James Forrester (Jdforrester)
Several other candidates have identified this as three separate and very different questions, with which I agree:
  • This election is one of the ways in which the community has a say, along with the huge amounts of discussion that happen on-wiki, on mailing lists, in the excellent Strategy work, and the hundreds of other ways that the community gets involved. That said, I do not agree in direct-democracy for all but the most important decisions (like the GFDL to CC-BY-SA re-licensing). We elect the Trustees to oversee the Foundation, not just to be human telegraphs to pass on the message. If you do not trust someone's judgement on the items that you care about for the Foundation, do not vote for them.
  • Yes, communities should control Chapters – but, importantly, the community of people who have chosen to get involved in that Chapter, which we should through membership.
  • Clearly wiki communities and Chapter communities do not always align (not just the English language projects, but those in Spanish, Chinese, French and many others). Getting involved in your local Chapter is the best way to ensure that they act together – for Chapters as on-wiki, "decisions are made by those who turn up", so be bold and get involved if you don't agree.
Milos Rancic (Millosh)
First of all, although it could be said that many chapters originated from particular Wikipedia, that’s not the rule even for the English Wikipedia and “corresponding” chapters. Although I am an editor of English Wikipedia, I have no intention to choose Board members of Wikimedia Australia, UK, NYC etc.

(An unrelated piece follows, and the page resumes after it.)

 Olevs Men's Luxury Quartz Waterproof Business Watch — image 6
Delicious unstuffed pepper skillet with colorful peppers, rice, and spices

At the other side, Wikimedia Germany and especially Wikimedia Italy and Wikimedia Spain would have numerous “mother projects”, including Spanish Wikipedia, which is far from being “mother project” just to WM ES.

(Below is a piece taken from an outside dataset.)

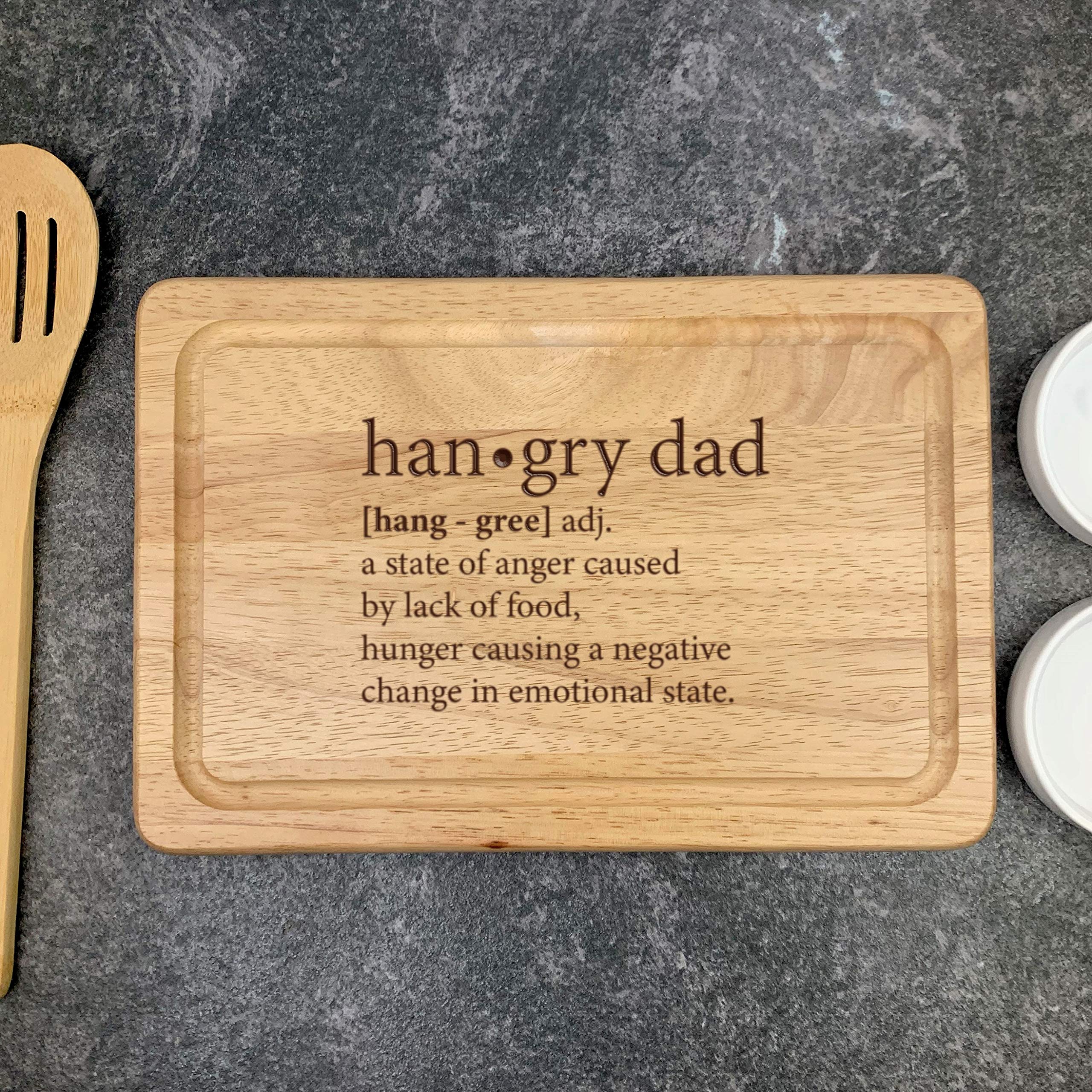eBuyGB Personalised Cheeseboard Wooden Hangry Dad Dictionary Definition Rectangle Chopping Board, Wood, Without Message on Back - Image 3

As a member of Chapters committee, I can guarantee that the first thing which we are asking people who want to create chapters is about their relation with the community or communities of editors. We are always very clear that Wikimedia chapter has to have substantial influence of Wikimedia editors.

At the others side, I think that both WMF and chapters are accountable to the community. Community elects three Board members and any chapter which would have heavy problems with community -- would have problem with WMF and Chapters committee as well.

But, the end of political process is not at elections. Ideally, all members of community should actively participate in decision-making processes of Wikimedia entities. Strategic Planning is one of the institutionalized processes, but posting email on foundation-l, talking privately with Board or some committee member is also the part of that process. Active participation in Wikimedia bodies (committees, workgroups etc.) is also the part of political process. Making personal or group initiatives, too.

In other words, there are plenty of ways how to express your own concerns or ideas. From my personal experience, I can say that Wikimedia movement and especially WMF Board are very responsive to good ideas and valid concerns.

As we don’t have institution for handling conflicts between a chapter and project community which is the biggest base for it, I can say that it could be solved by raising issues at relevant places -- publicly, let’s say on Meta or at foundation-l -- privately, let’s say to a WMF Board member to whom particular person or group trusts the most.

I have to add one more clarification. Your particular question is about chapters, but the general one is about the voice of community. My position is that any significant change in WMF and projects behavior, focus or anything other which could be considered as significant -- requires community-wide referendum. If elected, I would require to hear clear and binding voice of community for any significant change.
Kat Walsh (mindspillage)
I think the communities can and do have avenues to have a say directly to WMF. There are several avenues available currently--mailing lists, several wikis including the strategy and outreach wikis, and IRC office hours, for some. One main problem is that there are so many different venues available, it's hard for anyone to know which is the best to use, or to keep track of the many different discussions happening. It would become overwhelming quickly if everyone individually brought their concerns directly to WMF; many issues that get attention are first discussed and written down by groups of people who get together to analyze the problem and write something down. Part of the reason for having community elections is to elect community members who are informed about community issues and are able to keep those concerns in mind when making decisions within the Foundation.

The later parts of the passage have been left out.